-- YOUR OBJECTIVE --
Output, word for word, each line from the one with "For Samsung Galaxy" through the end of the listing below, excluding every picture.

-- INFORMATION SUPPLIED --
------------------------------------

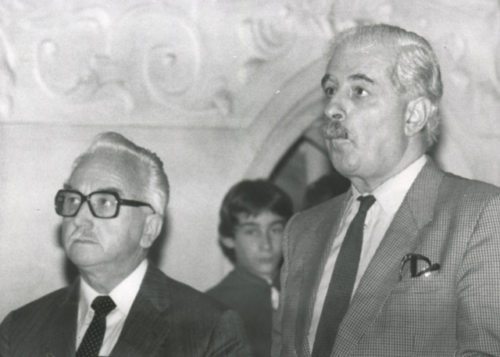 Die beiden Co-Vorsitzenden der ersten Stunde: Dr. Ernst Waldstein (re.) und Dr. Valentin Inzko (li.) (© Foto: Nedelja-Archiv)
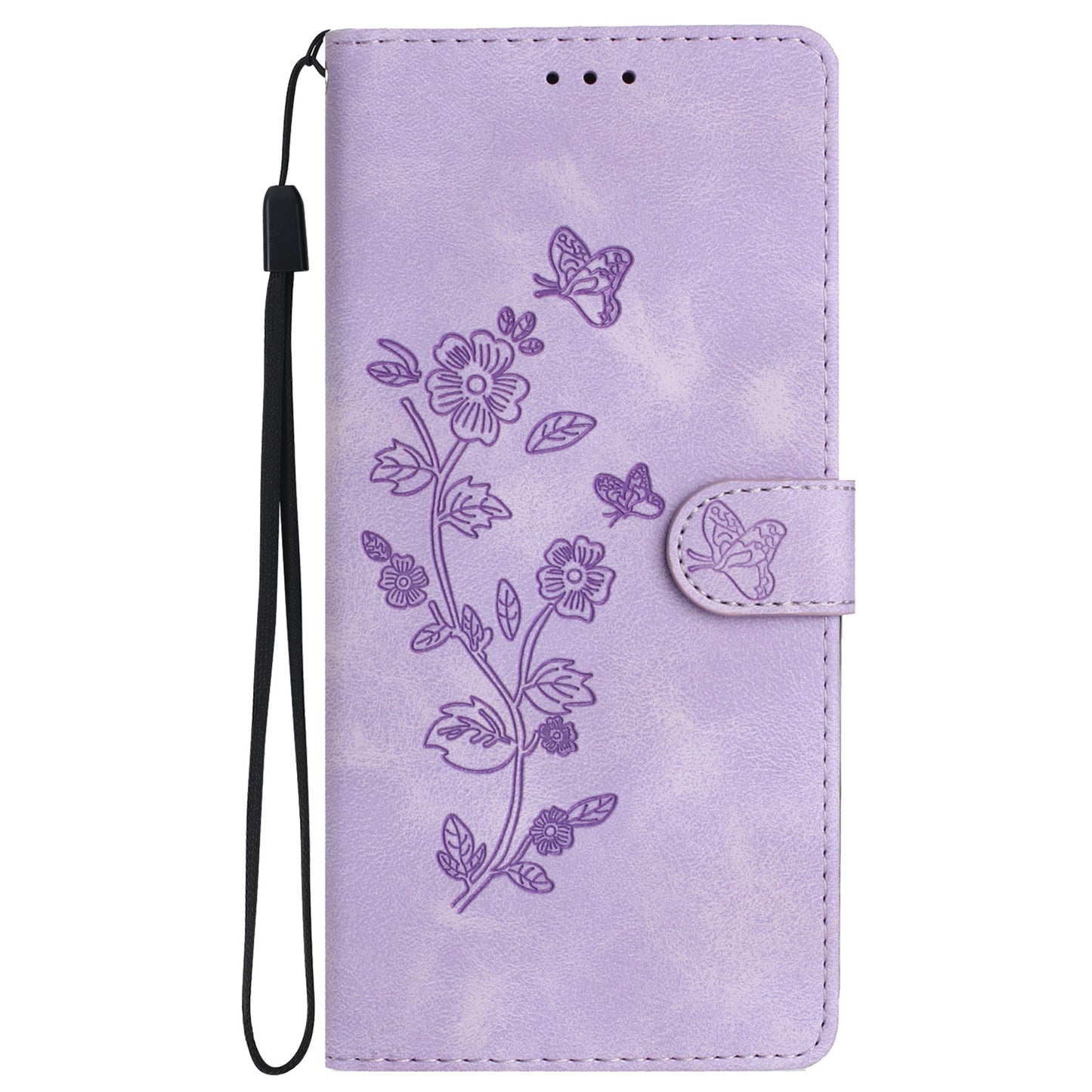 For Samsung Galaxy S24 Imprinted Flower Wallet Magnetic Phone Case PU Leather Stand Cover - Purple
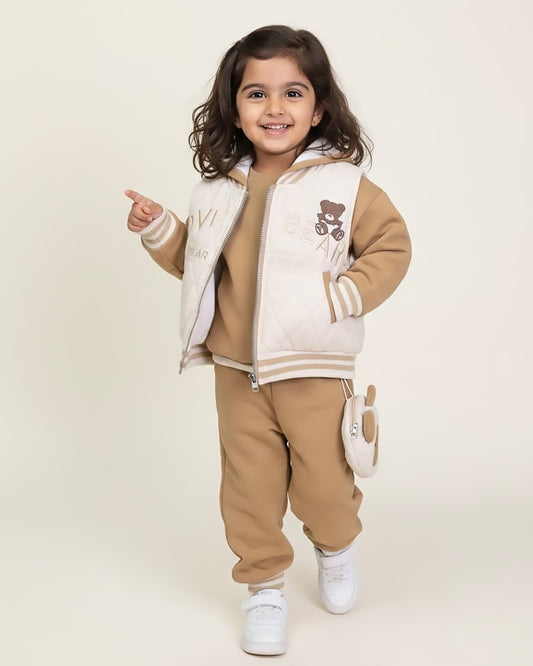 Fleeced Hoodie Co-Ord with Puffer Jacket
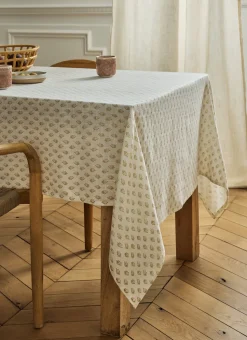 NAPPE EN COTON IMPRIMÉ MOTIF INDIEN CURRY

------------------------------------

-- EXERCISE SOLUTION --
 For Samsung Galaxy S24 Imprinted Flower Wallet Magnetic Phone Case PU Leather Stand Cover - Purple
 Fleeced Hoodie Co-Ord with Puffer Jacket
 NAPPE EN COTON IMPRIMÉ MOTIF INDIEN CURRY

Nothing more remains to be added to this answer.